Input data: Begin

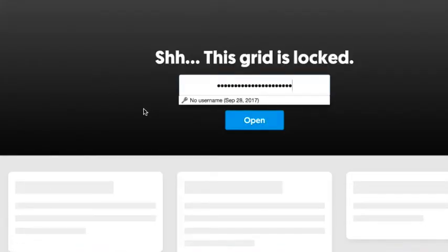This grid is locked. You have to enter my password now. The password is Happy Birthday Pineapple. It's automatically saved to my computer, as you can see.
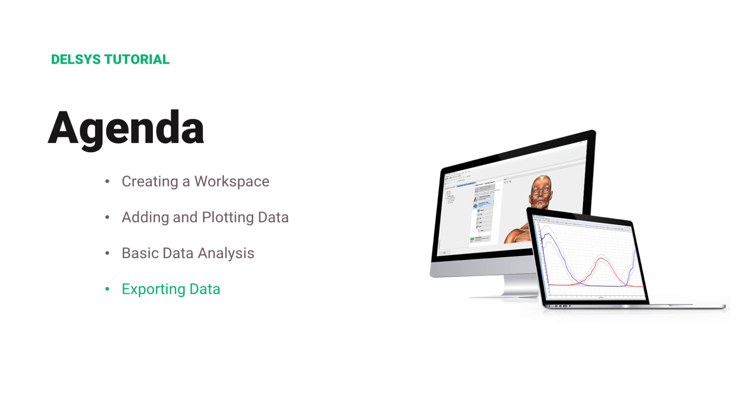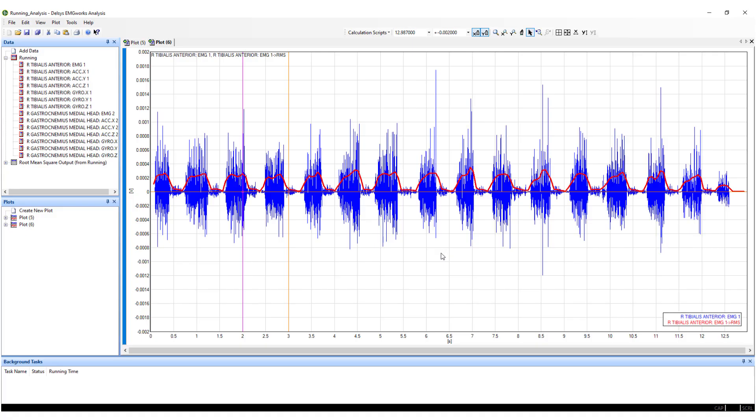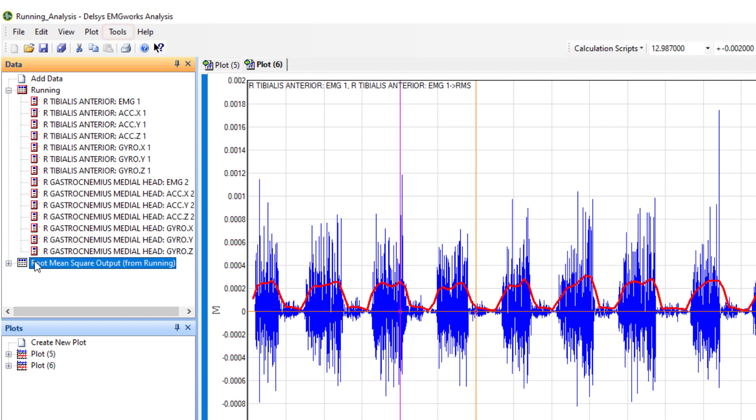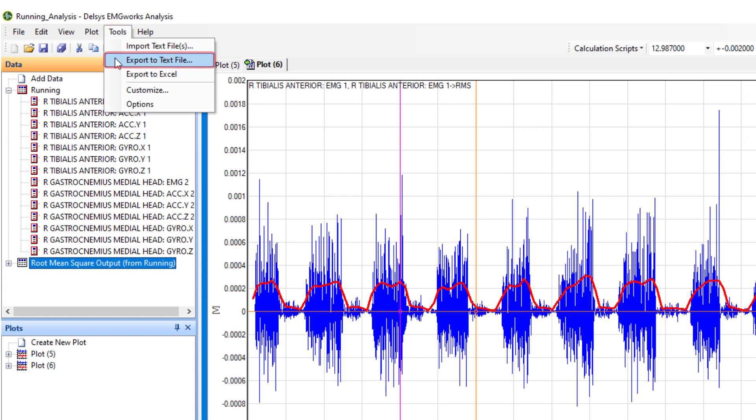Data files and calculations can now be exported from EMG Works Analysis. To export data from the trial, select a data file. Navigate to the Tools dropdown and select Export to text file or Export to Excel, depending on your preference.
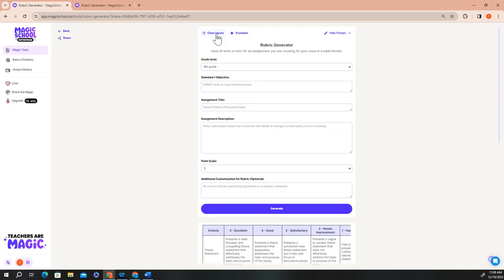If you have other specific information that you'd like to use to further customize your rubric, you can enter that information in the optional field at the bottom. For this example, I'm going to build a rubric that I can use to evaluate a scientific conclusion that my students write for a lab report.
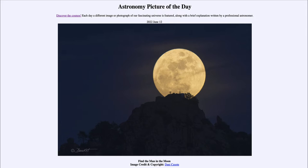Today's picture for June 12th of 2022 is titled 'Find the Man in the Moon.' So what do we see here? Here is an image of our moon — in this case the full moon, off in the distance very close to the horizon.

Input data: End
Input data: Begin

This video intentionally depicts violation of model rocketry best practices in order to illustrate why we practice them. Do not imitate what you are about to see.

Input data: End

Assignment: What is needed is an exact copy of the lines above from the one with "Data files and" to the one with "If you have", both ends kept, and nothing more; please leave the pictures out.

Exercise answer:
Data files and calculations can now be exported from EMG Works Analysis. To export data from the trial, select a data file. Navigate to the Tools dropdown and select Export to text file or Export to Excel, depending on your preference.
If you have other specific information that you'd like to use to further customize your rubric, you can enter that information in the optional field at the bottom. For this example, I'm going to build a rubric that I can use to evaluate a scientific conclusion that my students write for a lab report.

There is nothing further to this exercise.